◆ **YOUR ASSIGNMENT**: Return only the final portion of the entries: the line with "40 North American" and every line after it, each one exact.

◆ **EXERCISE DATA**:
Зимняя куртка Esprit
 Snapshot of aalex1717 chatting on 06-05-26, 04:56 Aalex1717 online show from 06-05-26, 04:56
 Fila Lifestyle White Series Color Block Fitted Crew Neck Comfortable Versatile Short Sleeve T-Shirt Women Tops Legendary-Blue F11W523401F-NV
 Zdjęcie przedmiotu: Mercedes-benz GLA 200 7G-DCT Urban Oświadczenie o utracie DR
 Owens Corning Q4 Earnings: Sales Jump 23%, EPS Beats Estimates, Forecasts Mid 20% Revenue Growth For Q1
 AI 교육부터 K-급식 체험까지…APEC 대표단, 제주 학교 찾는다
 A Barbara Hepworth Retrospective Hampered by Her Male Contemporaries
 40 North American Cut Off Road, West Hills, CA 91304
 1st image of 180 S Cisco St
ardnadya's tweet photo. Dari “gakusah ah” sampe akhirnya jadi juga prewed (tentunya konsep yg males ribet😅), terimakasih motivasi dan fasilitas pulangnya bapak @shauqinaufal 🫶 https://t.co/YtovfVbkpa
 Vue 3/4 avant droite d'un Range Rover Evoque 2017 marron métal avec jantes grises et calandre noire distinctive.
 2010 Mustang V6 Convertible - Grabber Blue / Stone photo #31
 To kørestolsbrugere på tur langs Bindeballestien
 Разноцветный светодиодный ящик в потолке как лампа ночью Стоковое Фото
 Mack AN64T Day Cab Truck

◆ **RESPONSE**:
 40 North American Cut Off Road, West Hills, CA 91304
 1st image of 180 S Cisco St
ardnadya's tweet photo. Dari “gakusah ah” sampe akhirnya jadi juga prewed (tentunya konsep yg males ribet😅), terimakasih motivasi dan fasilitas pulangnya bapak @shauqinaufal 🫶 https://t.co/YtovfVbkpa
 Vue 3/4 avant droite d'un Range Rover Evoque 2017 marron métal avec jantes grises et calandre noire distinctive.
 2010 Mustang V6 Convertible - Grabber Blue / Stone photo #31
 To kørestolsbrugere på tur langs Bindeballestien
 Разноцветный светодиодный ящик в потолке как лампа ночью Стоковое Фото
 Mack AN64T Day Cab Truck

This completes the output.